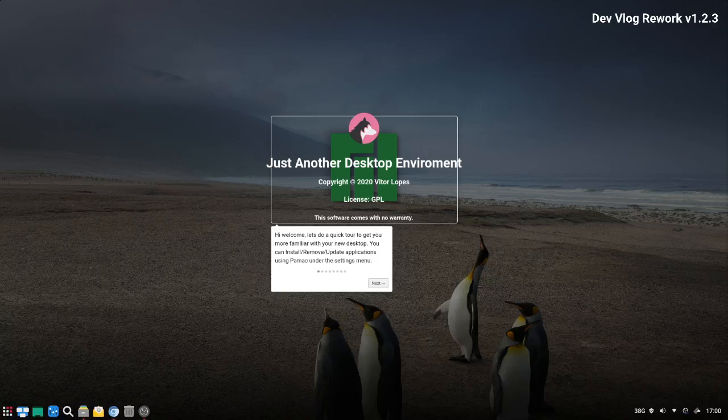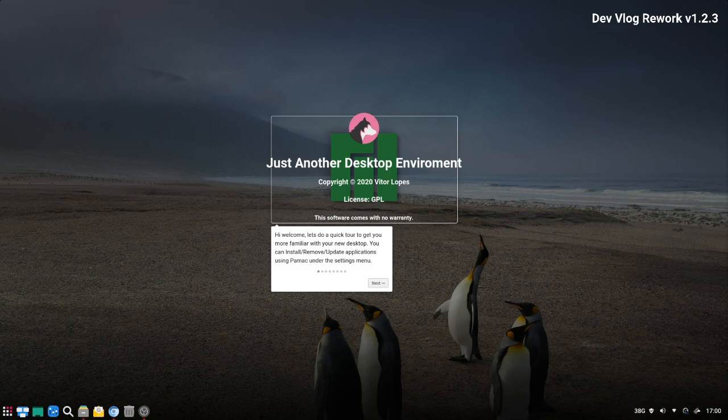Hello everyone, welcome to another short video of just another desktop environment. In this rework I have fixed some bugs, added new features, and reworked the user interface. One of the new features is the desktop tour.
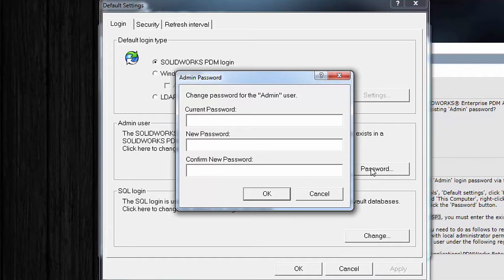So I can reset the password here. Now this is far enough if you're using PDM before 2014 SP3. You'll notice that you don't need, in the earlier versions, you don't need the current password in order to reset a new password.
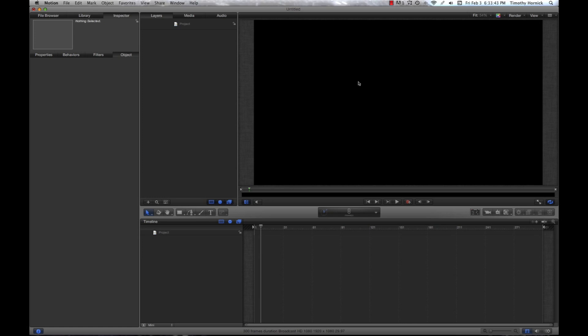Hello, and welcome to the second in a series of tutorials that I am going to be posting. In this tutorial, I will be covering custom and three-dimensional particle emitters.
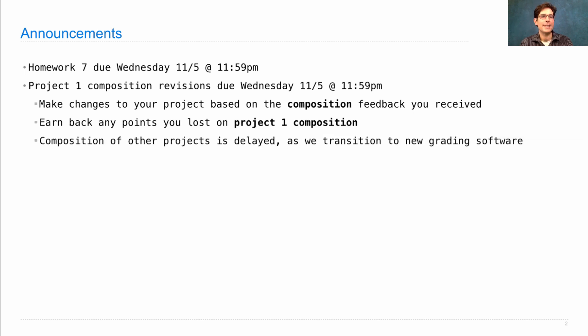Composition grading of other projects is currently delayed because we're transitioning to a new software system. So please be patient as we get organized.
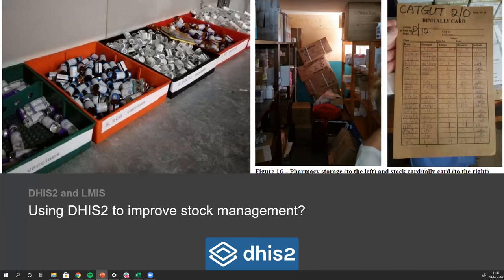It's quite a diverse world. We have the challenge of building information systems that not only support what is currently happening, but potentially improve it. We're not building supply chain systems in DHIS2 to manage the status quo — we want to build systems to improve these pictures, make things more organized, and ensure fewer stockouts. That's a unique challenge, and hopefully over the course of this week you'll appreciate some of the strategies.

§ **Your task**: Could you set down, exactly as written, every line from the start of the records above through the line containing "Composition grading of", leaving the pictures out?

§ **Your response**:
Hello everyone, welcome to another short video of just another desktop environment. In this rework I have fixed some bugs, added new features, and reworked the user interface. One of the new features is the desktop tour.
So I can reset the password here. Now this is far enough if you're using PDM before 2014 SP3. You'll notice that you don't need, in the earlier versions, you don't need the current password in order to reset a new password.
Hello, and welcome to the second in a series of tutorials that I am going to be posting. In this tutorial, I will be covering custom and three-dimensional particle emitters.
Composition grading of other projects is currently delayed because we're transitioning to a new software system. So please be patient as we get organized.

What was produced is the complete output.